Ben Rothwell, Andrei Arlovski and the strange comfort of an old nemesis

No one could mistake them for young men. Not now. Not after everything they’ve done and seen and endured. Not with the evidence of said things carved into their faces.
Just look at them. Watch them at yesterday’s pre-fight press conference for the BKFC KnuckleMania VI event in Philadelphia on Saturday night. You’ll see what I mean.
Andrei Arlovski, 47, former UFC heavyweight champion, a man whose nose has been aggressively repositioned on his face so many times he forgot where it started. And then there’s Ben Rothwell, 44, current BKFC heavyweight champion, with a head like a shiny battering ram and two stale spirals for ears, blinking slowly through the scar tissue as he listens to his old foe talk about how, after two wins over Rothwell in MMA, Arlovski is pretty sure he’s stuck in the man’s head in ways that will prove useful in Saturday’s bare-knuckle boxing match.
“I know how it probably looks to people,” Rothwell told me by phone a few days earlier. “If I lose again it’s like, 'Hey, are you ever going to figure out how to beat this f***ing guy?' Maybe that’s what he thinks too, like he’s got me figured out. Maybe I’m not that intimidating to him. Maybe he’s not worried about it. And I guess that’s what makes me feel like, 'Alright, man. I’m going to f***ing show you. You still don’t know what I’m about.'”

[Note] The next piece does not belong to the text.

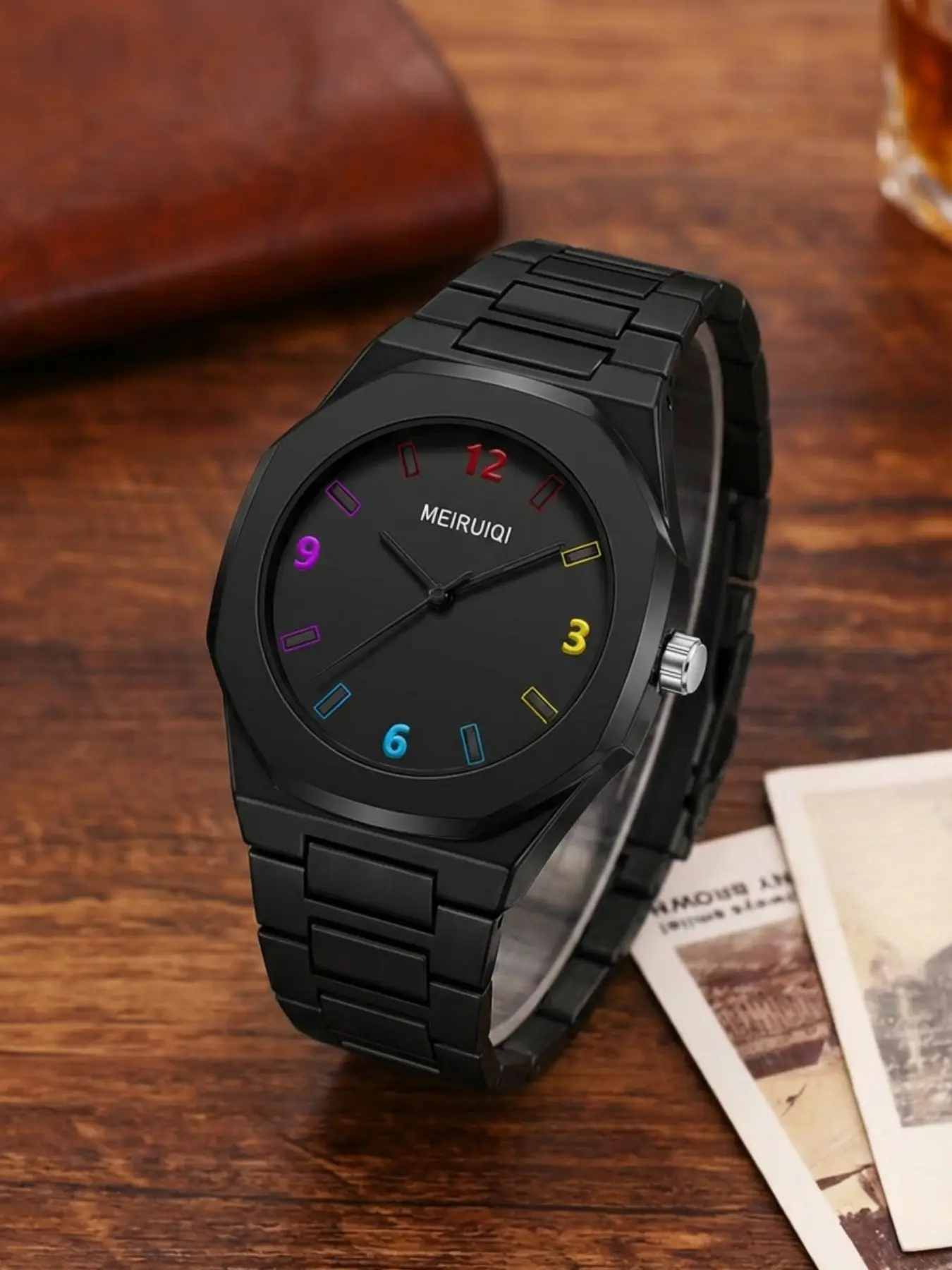 Men's Business Round Dial Quartz Watch, Fashion Analog Watch for Party, Daily Clothing Decor, Trendy All-match & Exquisite Watch for Birthday Gift with Box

Shouldn’t he though? They had two previous fights, in two different MMA organizations, spaced out over a little more than decade. They’ve spent nearly a half-hour trying to hurt each other on live television. They’ve studied and trained for and thought about each other for, what, months of their lives at this point? It’s to the point where they can’t even really call the other an enemy anymore. They know each other too well for that.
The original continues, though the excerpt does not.